After the events of ‘The Final Empire’, Luthadel is in chaos – but Vin and Elend have no chance to rest. Having signed up to lead a simple heist, now Vin finds herself a pivotal figure in an emerging new religion, almost single-handedly responsible for the safety of the city, and the target of a mysterious new figure in the mists. Out of her depth, she leans on her trusted kandra companion, OreSeur – but one secret spirals into another, and her actions lead her into more and more conflict with her friends.
Meanwhile, Elend finds himself thrust into an unexpected position of leadership, and Sazed embarks on a quest for answers – a quest that takes him far from Luthadel and into the Eastern Dominance. The mists are behaving strangely, appearing during the day and even killing some of the skaa. There are no clear answers, and in a divided world everyone is keeping secrets.
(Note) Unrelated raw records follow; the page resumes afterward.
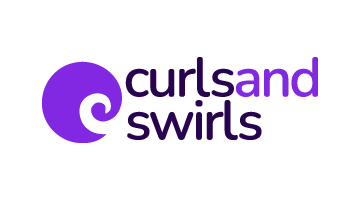 curlsandswirls.com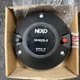 NEXO NH82B-8 Made In Italy Complete HF Driver-EM Open Box 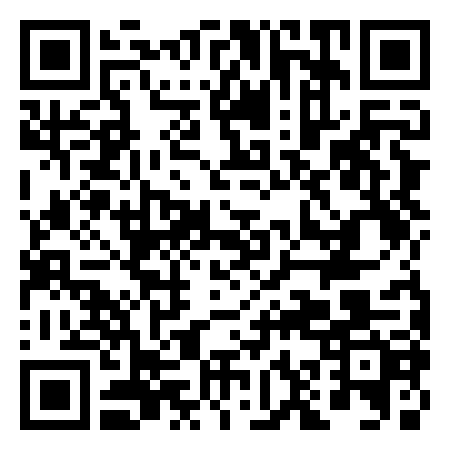QR Code de Bingo Aranda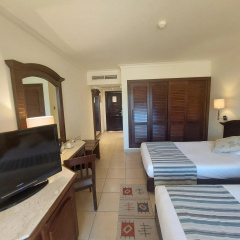 Coral Beach Resort - Bild 4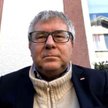 Czarnecki: Tarcza 3.0 będzie wymagała korekt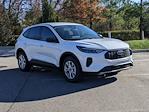 New 2025 Ford Escape ACTIV SUV for sale #U570185 - photo 1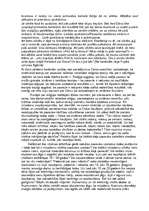 Referāts 'Kopējais un atšķirīgais mitoloģiskajā, reliģiskajā un zinātniskajā pasaules uzsk', 5.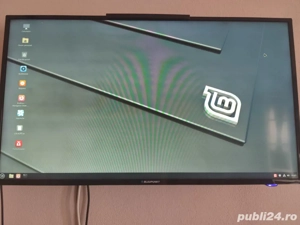 unitate pc acer i3 7100 - imagine 2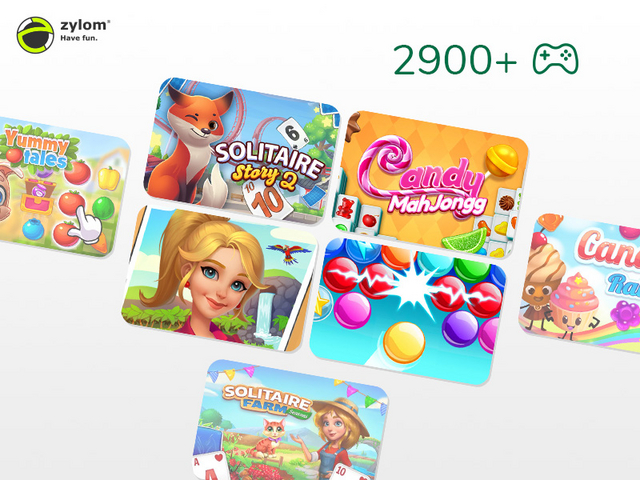 Jogos de cartas on-line - Jogos de cartas on-line grátis no Zylom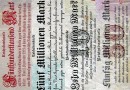 hyperinflation hyperinflation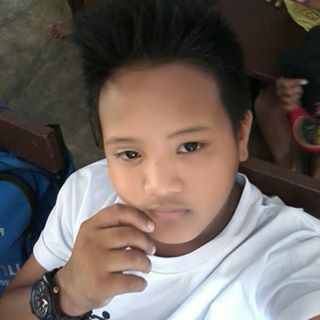 Profile Picture of Kier Alicer (@kier.alicer) on Facebook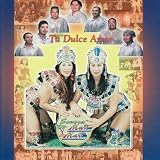 La Cumbia de la Paz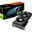 12GB Gigabyte GeForce RTX 3080 Ti EAGLE GDDR6X 2xHDMI 3xDP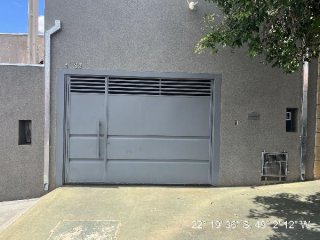 Imagem do imóvel PR19828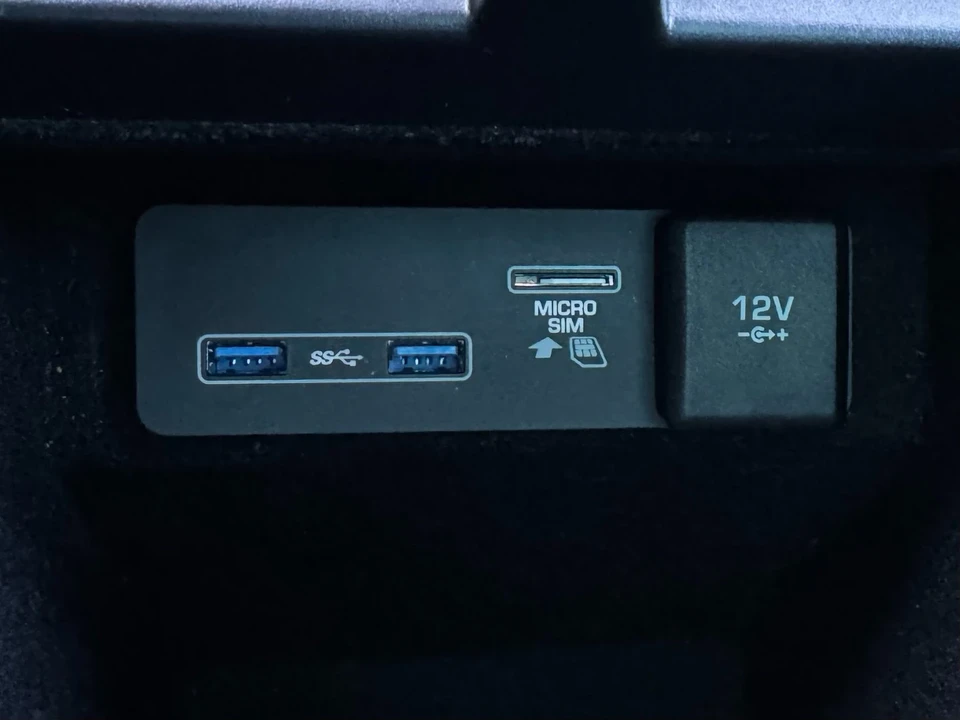 2020 Land Rover Range Rover L405 - Image 15 of 21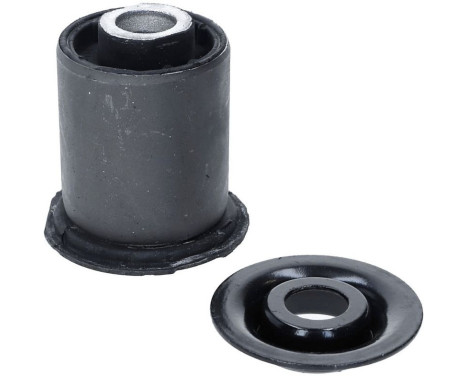 Control Arm-/Trailing Arm Bush, Image 6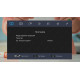 Strong SRT 8209 DVB-T2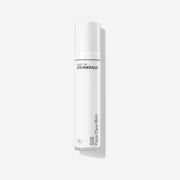 (03) Face Care Rich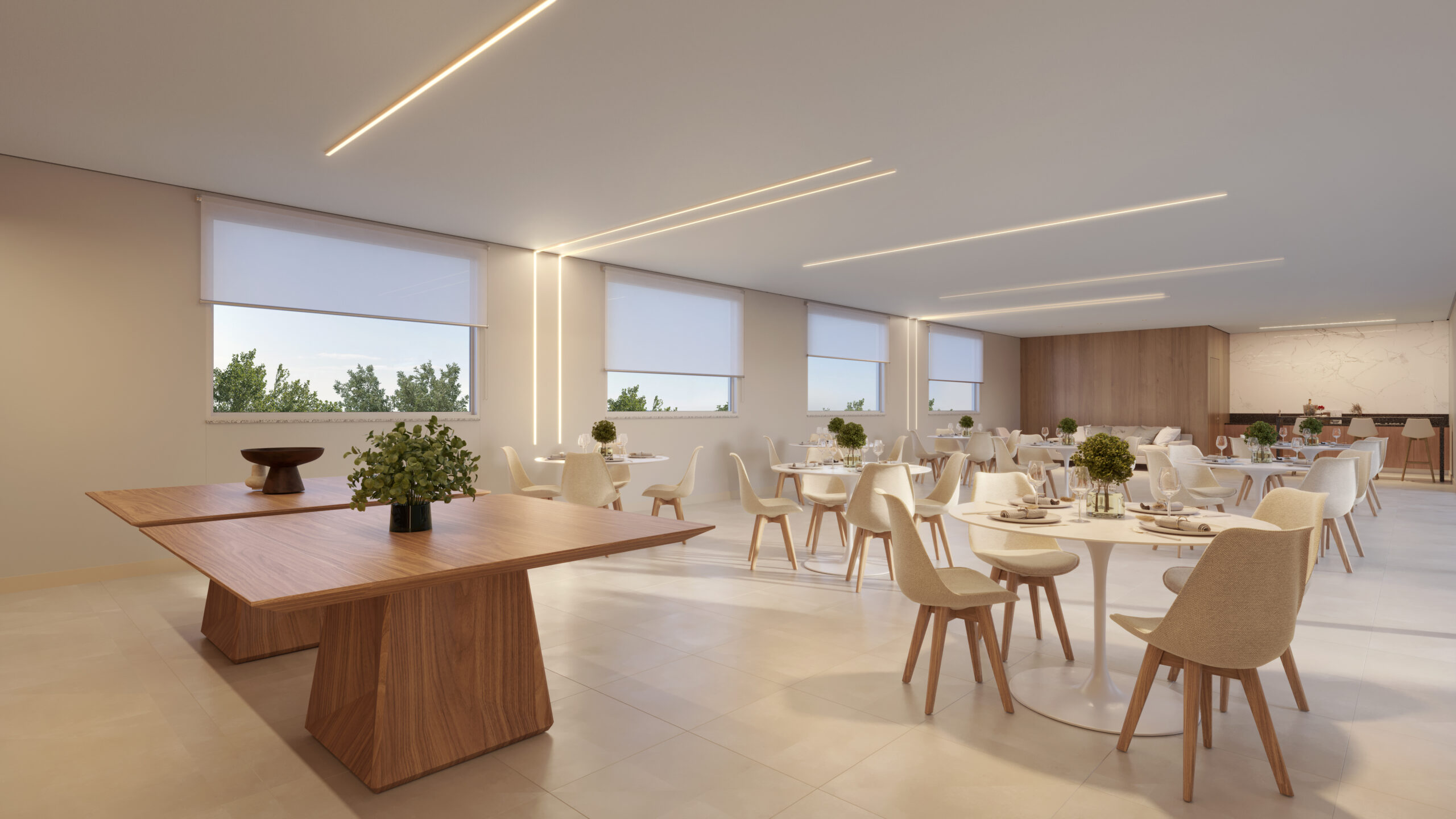 SENSIA_JARDIM_PPC_SALAO_DE_FESTAS_2024.11.28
It’s impossible for anyone to know who to trust.
The complex dynamic between Vin and Elend is brilliantly written, even if not always comfortable to read. Relationships take work, and in many ways Vin and Elend are incredibly different people. Vin struggles to trust people, and remains a likeable but prickly – and sometimes naive – character. Similarly, Elend remains good-intentioned but remarkably innocent of the realities of human nature.
Sazed is a far more mature character – and, as a Terrisman, provides a fresh cultural perspective. His internal conflicts are subtler than the dramatics of Vin and Elend, but no less impactful.
It’s difficult to discuss the plot without giving spoilers for ‘The Final Empire’, but it moves from the traditional heist novel to more of a political fantasy, all about power struggles and backstabbing friends. There’s also the underlying threat of the mists and the Deepness – two mysterious, unknown threats hinted at in the prophecies but unclear in nature until it might be too late.
Overall, this is an excellent epic fantasy novel which takes the trilogy in a fresh direction without losing any of the brilliance of ‘The Final Empire. The characters remain complex and engaging, the plot fast-paced and twisty, and the magic system still has secrets. It also introduces the concepts of Ruin and Preservation – critical parts of the overall Cosmere lore – for the first time, laying the grounds for the involvement of a wider mythos. Highly recommended for all epic fantasy fans, especially fans of complex character dynamics and intricate fantasy lore.